ASSIGNMENT — Although the data below contains pictures, please reproduce only its words, exactly.

MATERIAL PROVIDED —
--

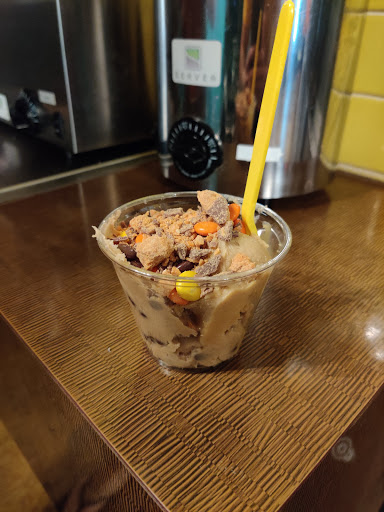 Ice Cream Shop «Cookie Dough Creamery», reviews and photos, 7227 N High St, Worthington, OH 43085, USA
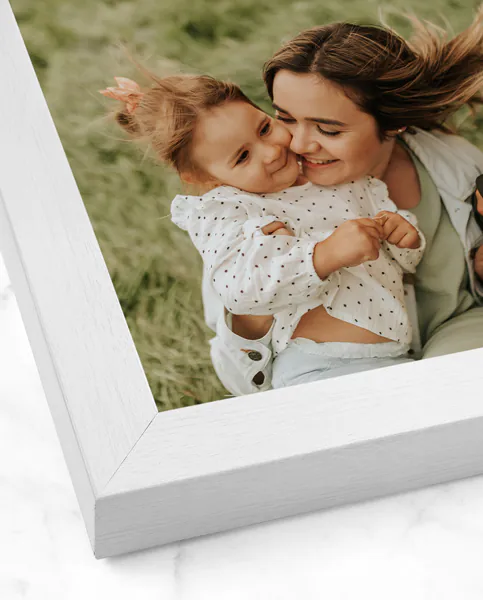 Cornice in legno bianca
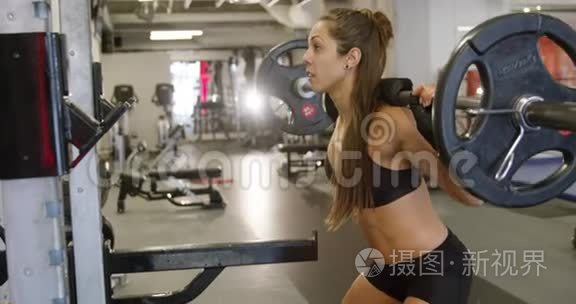 运动女性在健身馆训练举重的蹲视频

--

RESPONSE AREA —
 Ice Cream Shop «Cookie Dough Creamery», reviews and photos, 7227 N High St, Worthington, OH 43085, USA
 Cornice in legno bianca
 运动女性在健身馆训练举重的蹲视频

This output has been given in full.